**EXERCISE DESCRIPTION:**
Below are some records. Retype exactly the lines from the one containing "Celebrities Who DIED in June 2020" through the one containing "quote by Anonymous", both included, skipping every picture.

**INFORMATION SHOWN:**
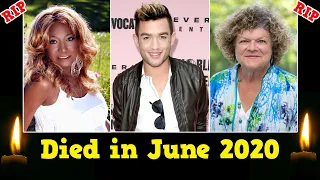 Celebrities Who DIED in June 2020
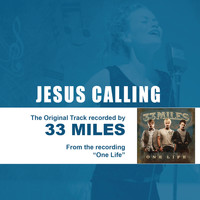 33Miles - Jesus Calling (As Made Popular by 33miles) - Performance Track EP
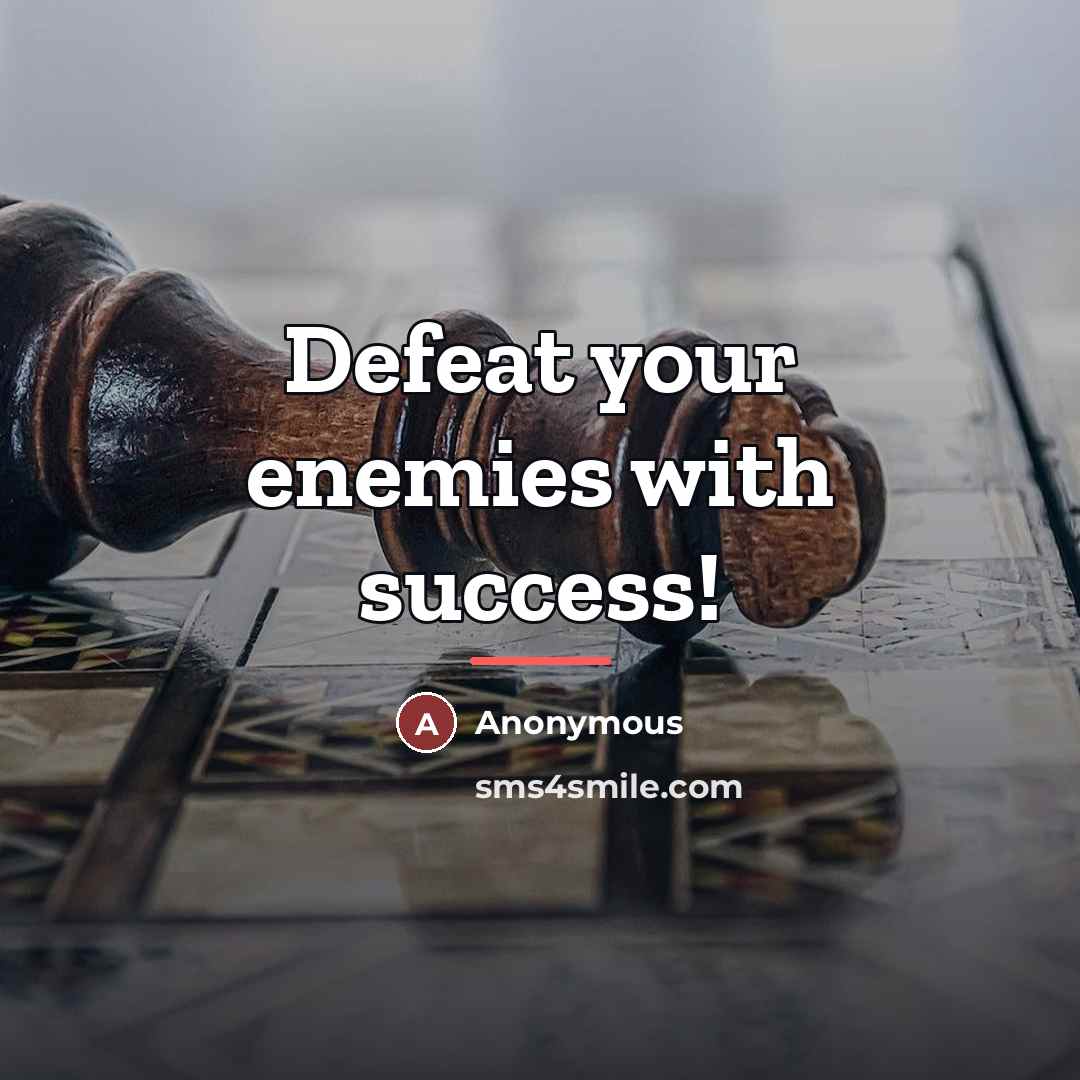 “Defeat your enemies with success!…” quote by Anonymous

---

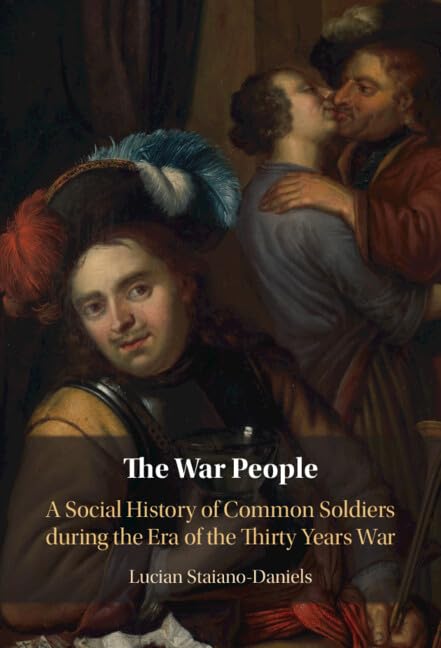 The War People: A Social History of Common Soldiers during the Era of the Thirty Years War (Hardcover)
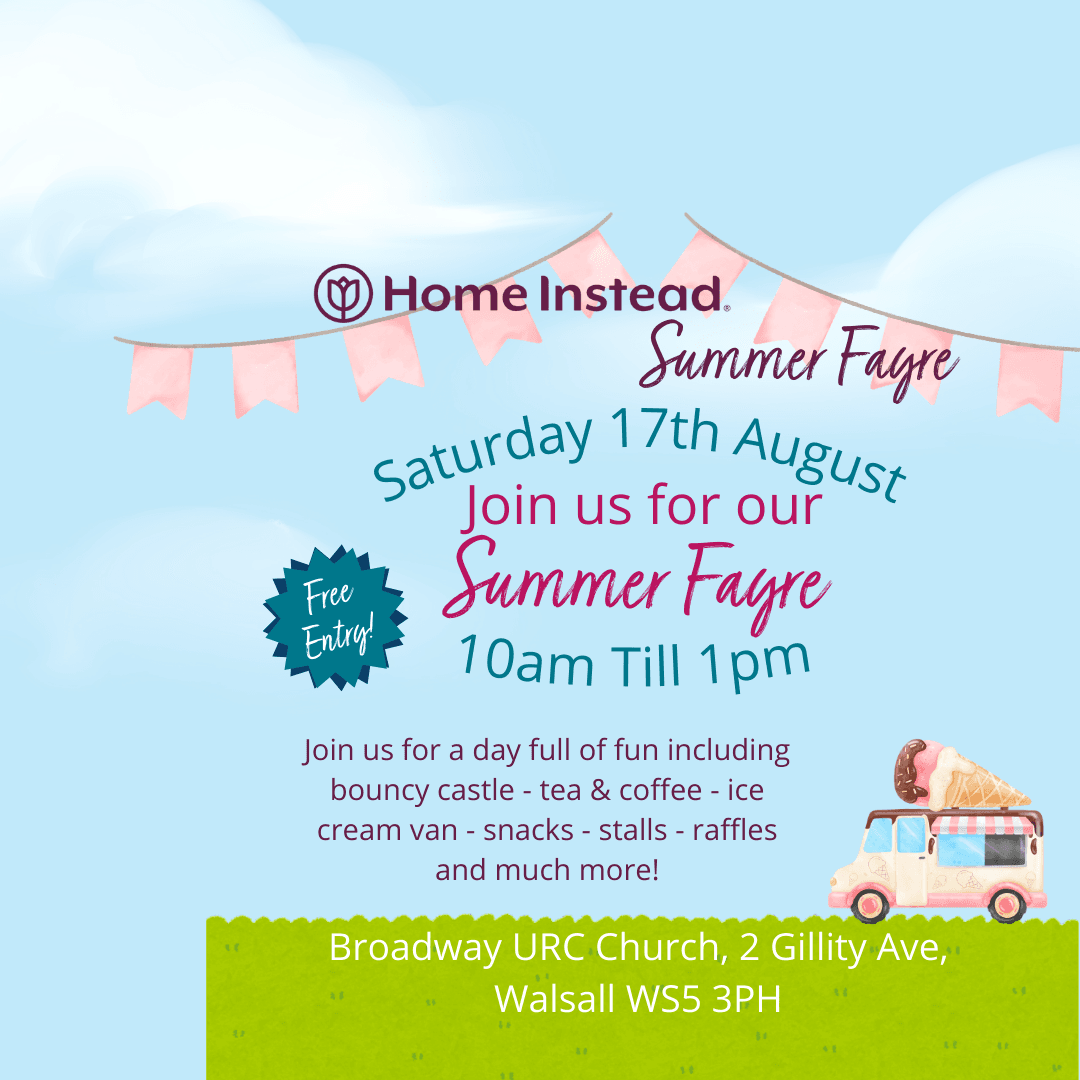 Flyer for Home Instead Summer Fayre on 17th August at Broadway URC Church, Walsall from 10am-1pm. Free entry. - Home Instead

**TASK ANSWER:**
 Celebrities Who DIED in June 2020
 33Miles - Jesus Calling (As Made Popular by 33miles) - Performance Track EP
 “Defeat your enemies with success!…” quote by Anonymous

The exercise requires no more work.